INFORMATION SHOWN Block Start

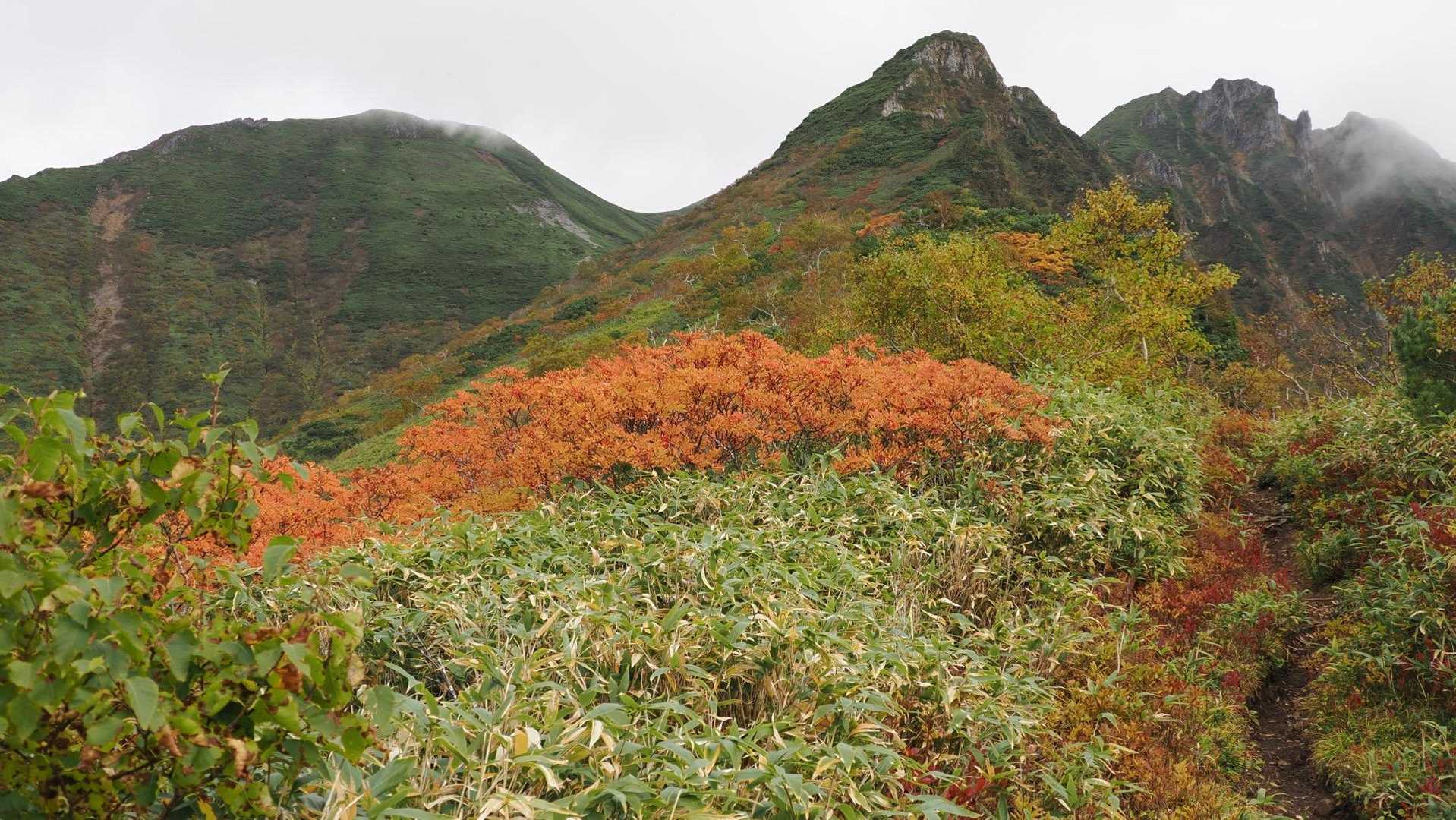 ニセイカウシュッペ山往復 | 切り立つ絶壁「大槍」を眺めながら細長い尾根を辿るの写真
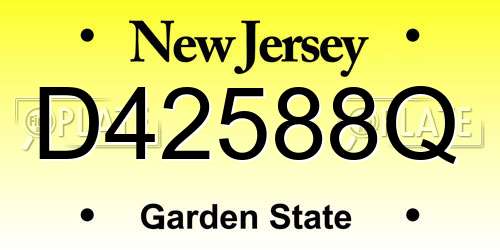 D42588Q New Jersey License Plate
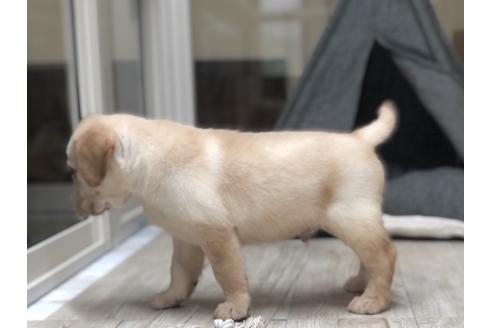 成約済の愛知県のラブラドールレトリーバー-134916の2枚目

INFORMATION SHOWN Block End

TASK OBJECTIVE →
Write out the lines of the listing from the one that holds "D42588Q New Jersey License Plate" to the very last line, both included, exactly as they appear and without any pictures.

EXERCISE RESULT →
 D42588Q New Jersey License Plate
 成約済の愛知県のラブラドールレトリーバー-134916の2枚目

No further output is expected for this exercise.